Your instructions: The material below has pictures in it. Set down only the lines from the line containing "The first jacket" through the line containing "Back for a quick", word for word, and leave the pictures behind.

Given information:
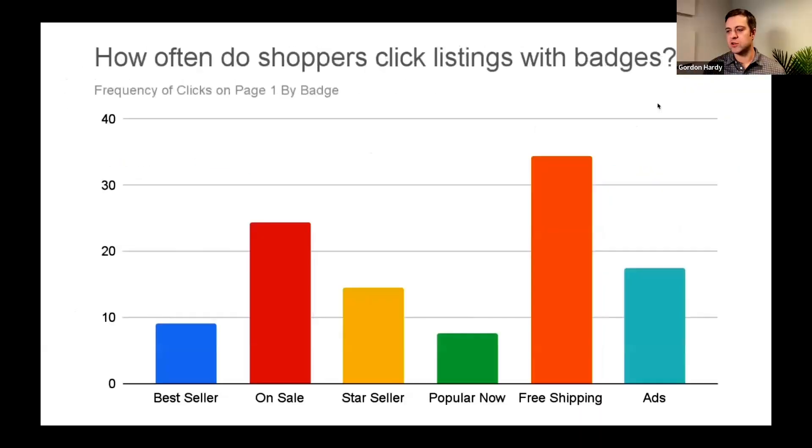On page one, how often are people clicking listings that have a badge on them? This chart breaks that down. Free shipping gets clicked a lot — but is that because people are adamant about only buying things with free shipping, or because so many listings on Etsy now have free shipping, since Etsy pushed sellers toward it? That's something important to keep in mind when reading this particular chart.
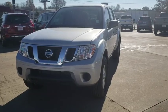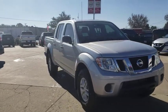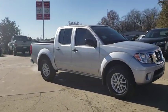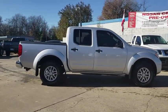2019 Nissan Frontier. The Nissan Frontier offers a full-length, fully boxed frame for strength, serious off-road capabilities, and a five-star rating for side impact crash safety.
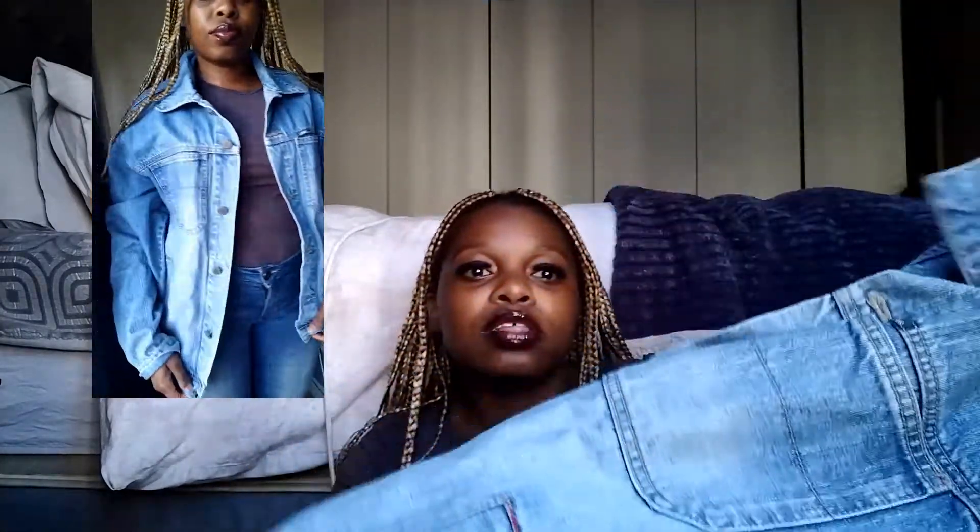The first jacket is a denim jacket I got for 50 rand. I'll put a clip of me wearing it so you guys can see. It's a plain oversized denim jacket — I didn't have an oversized jacket before. It has a pocket here, and it's in extra-extra large, which is great for layering.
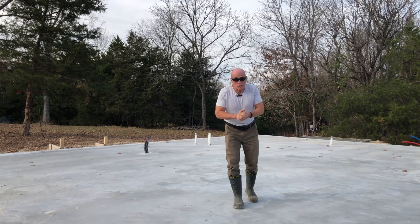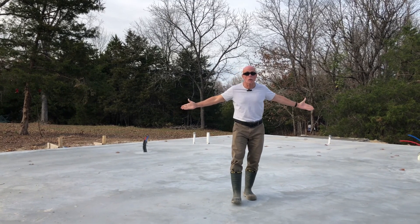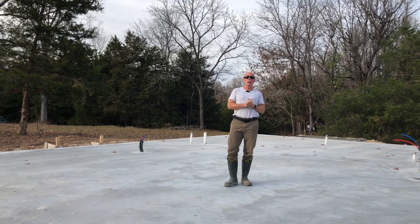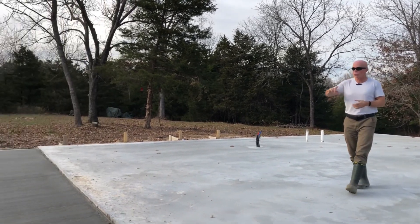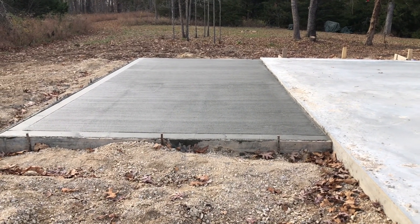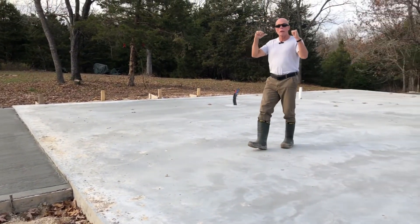Back for a quick update — the foundation was poured last week, and they came back today to pour our porches. To the left you'll see our front porch, which is a 10x20. Behind me we have our back porch.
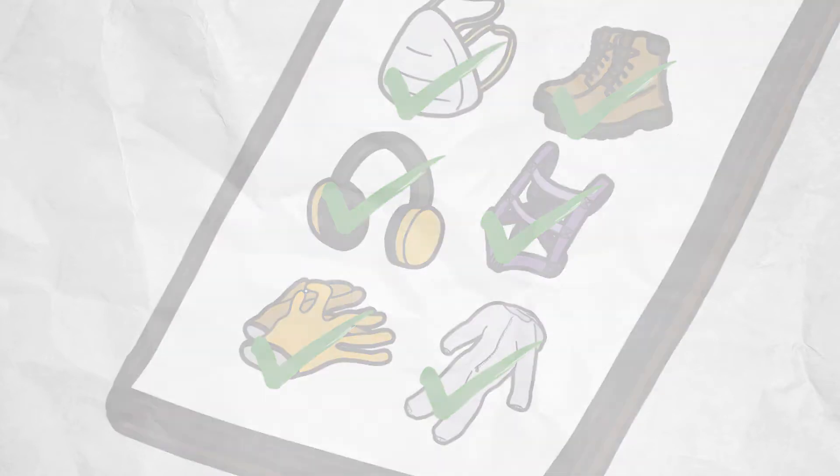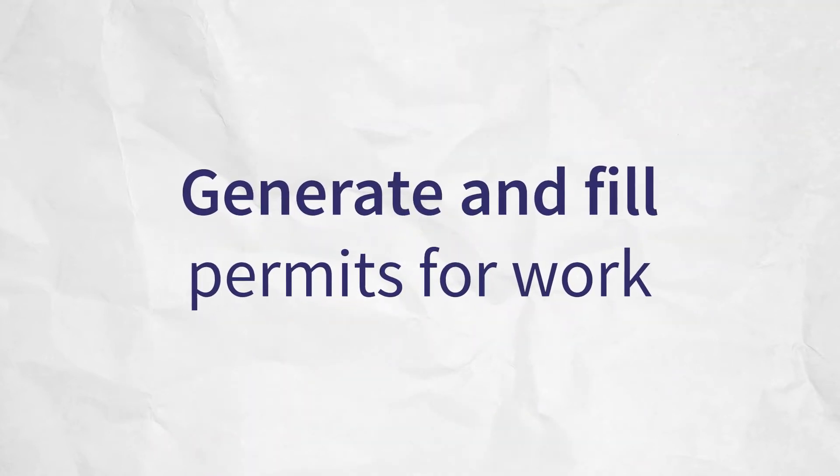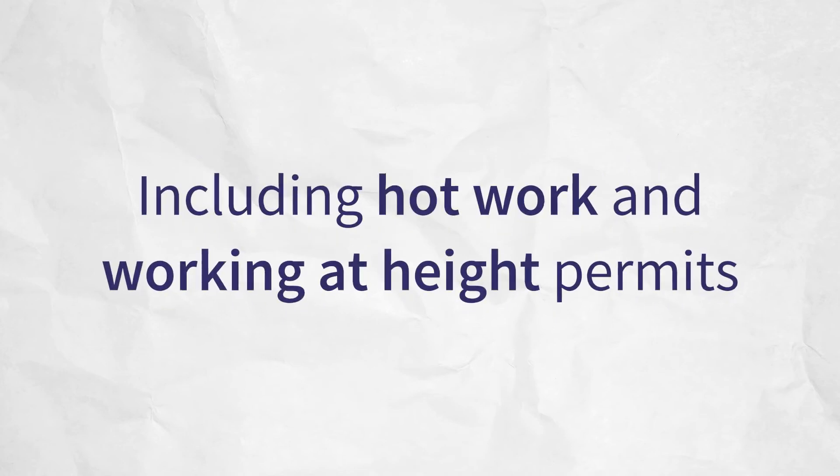Using the Permit for Work tool, you can generate and fill Permits for Work for any workplace procedure, including hot work and working-at-height permits.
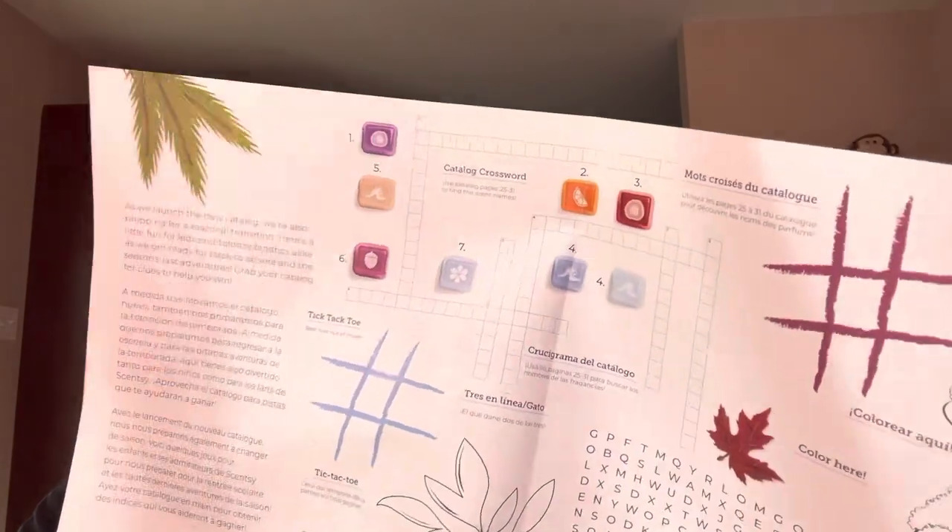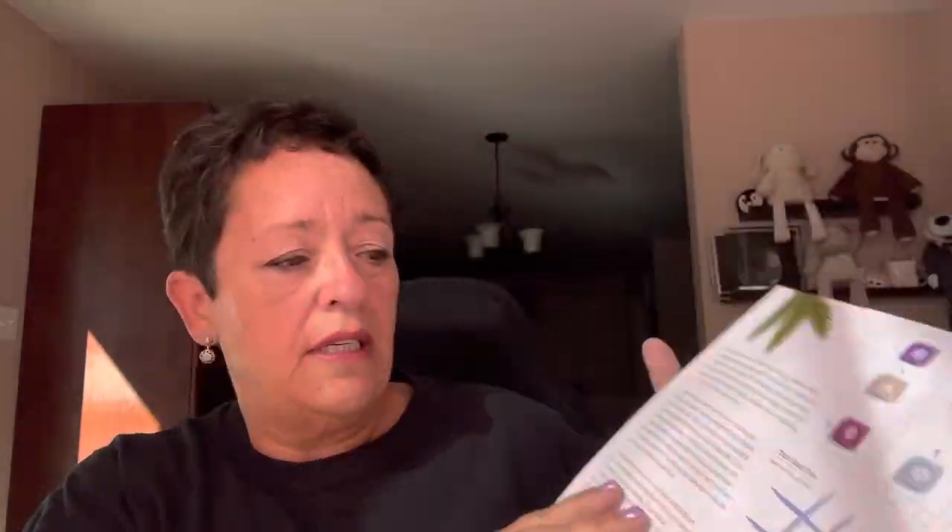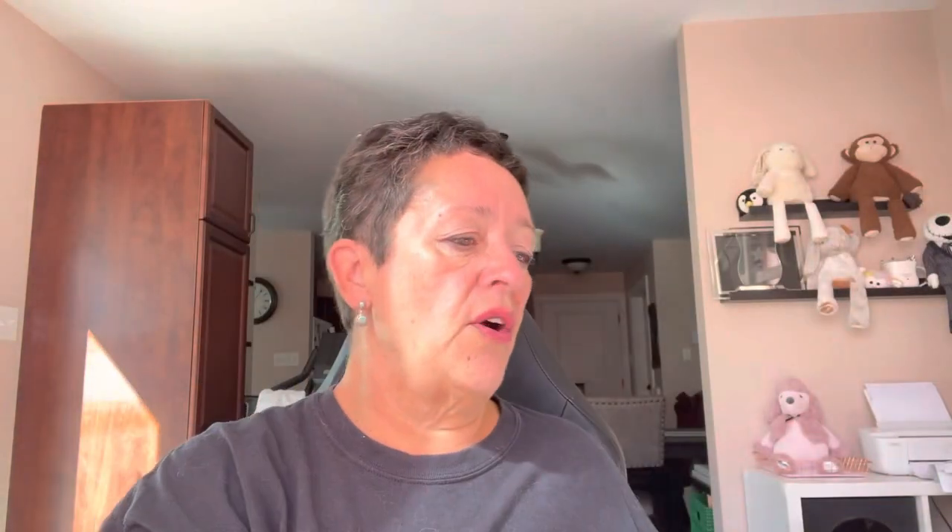There is a catalog crossword in here. There's also a word find — I used to do those all the time — some coloring, and tic-tac-toe.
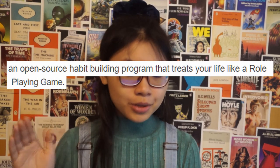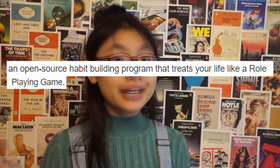Next we have Habitica, which is available on the iOS App Store, the Google Play Store, and on the web. To quote its fandom wiki, it's an open-sourced habit-building program that treats your life like a role-playing game. That sounds very nerdy, I know, but it makes it more fun. This is an app that I use myself throughout IB, and I found it pretty useful and kind of fun.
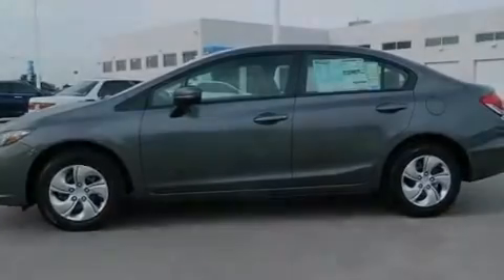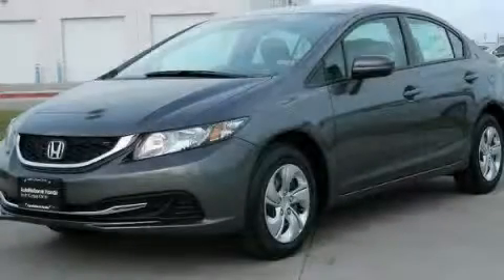This automobile won't last long at this price. Call and arrange a test drive now.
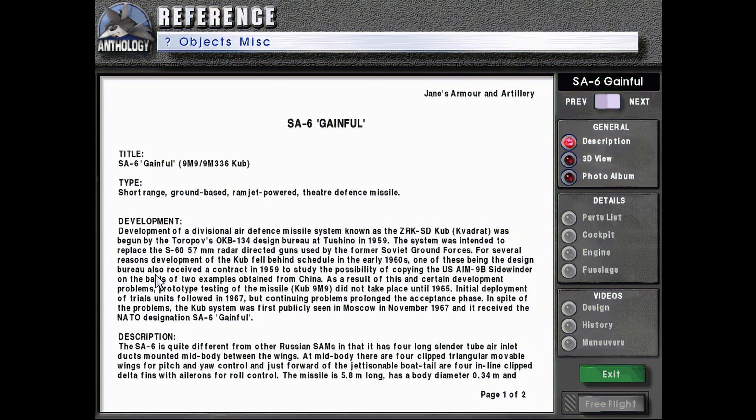One of these reasons being the Design Bureau also received a contract in 1959 to study the possibility of copying the US AIM-9B Sidewinder, on the basis of two examples obtained from China. As a result of this and certain development problems, prototype testing of the missile,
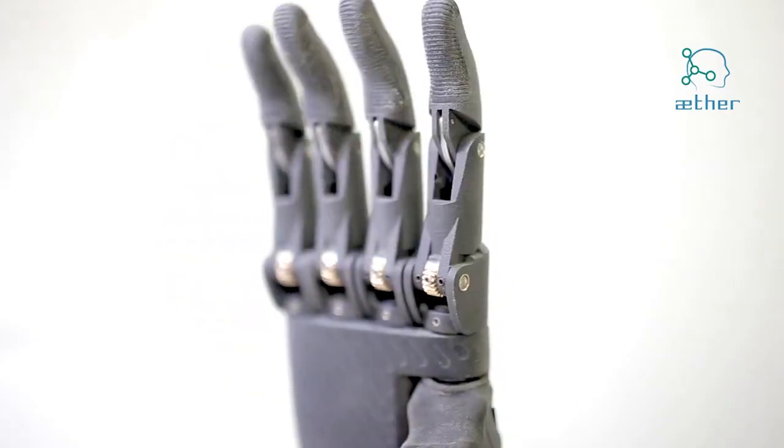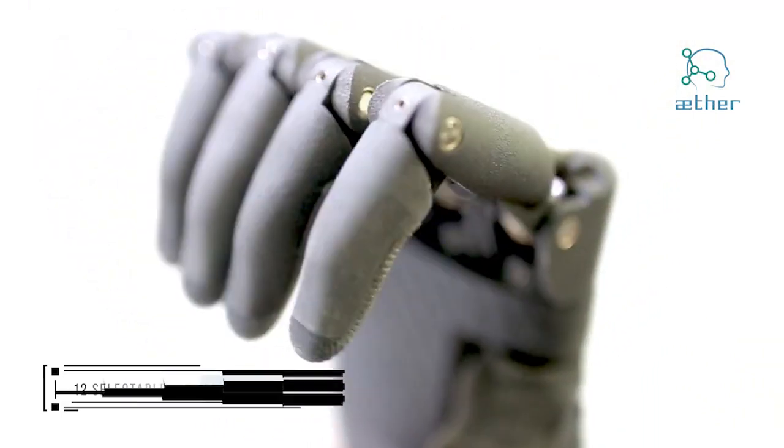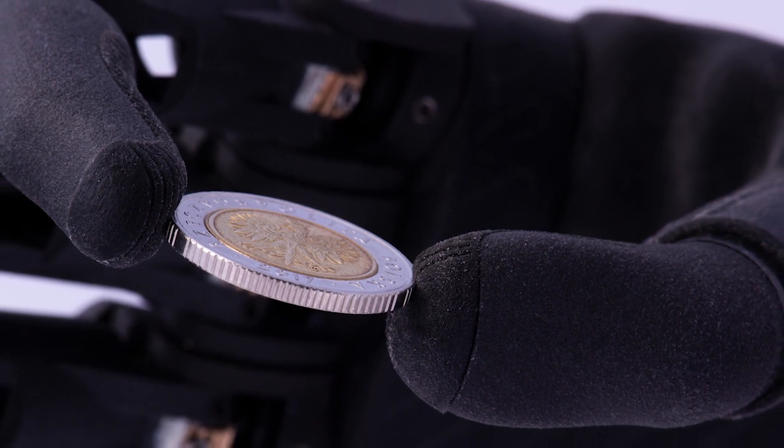Okay, so what kind of grips can it do? What can it do functionally? We provide up to 12 different grip modes with an option of customizing two more grip modes for specific activities by the user. It can do a power grip, which is useful for handling a bottle, or a tripod grip, which is useful for precise manipulation, or a key grip for a key or a card, something like that.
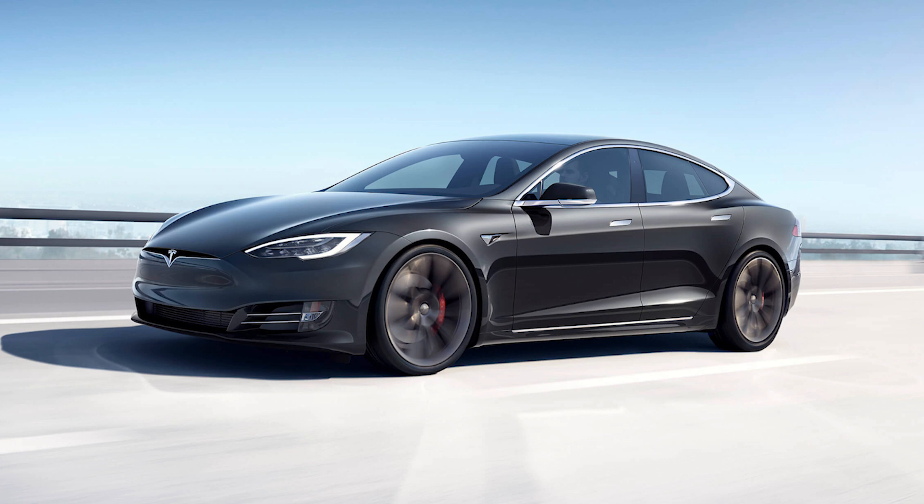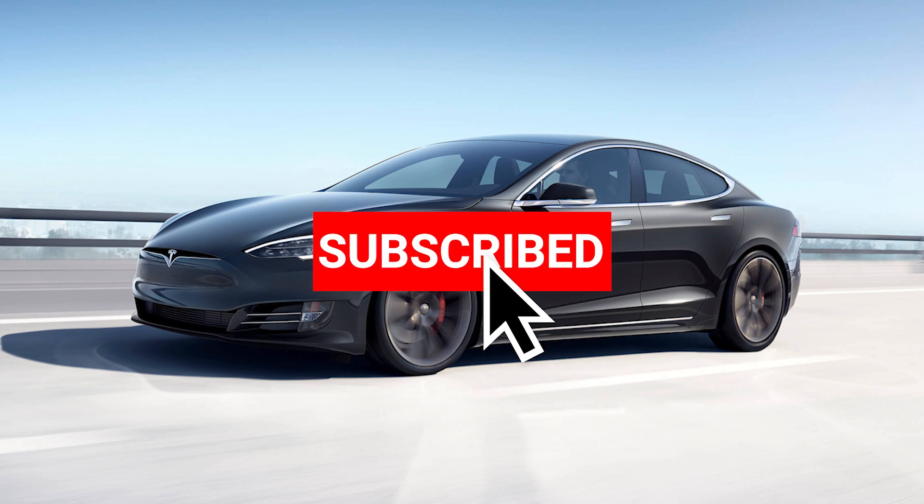What do you think about the new Plaid tri-motor Model S? Is this the right EV sedan for you? Leave your comments below. Thanks for watching — hit the like and subscribe to the channel for more news, reviews, and first looks.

Answer to this exercise:
The first jacket is a denim jacket I got for 50 rand. I'll put a clip of me wearing it so you guys can see. It's a plain oversized denim jacket — I didn't have an oversized jacket before. It has a pocket here, and it's in extra-extra large, which is great for layering.
Back for a quick update — the foundation was poured last week, and they came back today to pour our porches. To the left you'll see our front porch, which is a 10x20. Behind me we have our back porch.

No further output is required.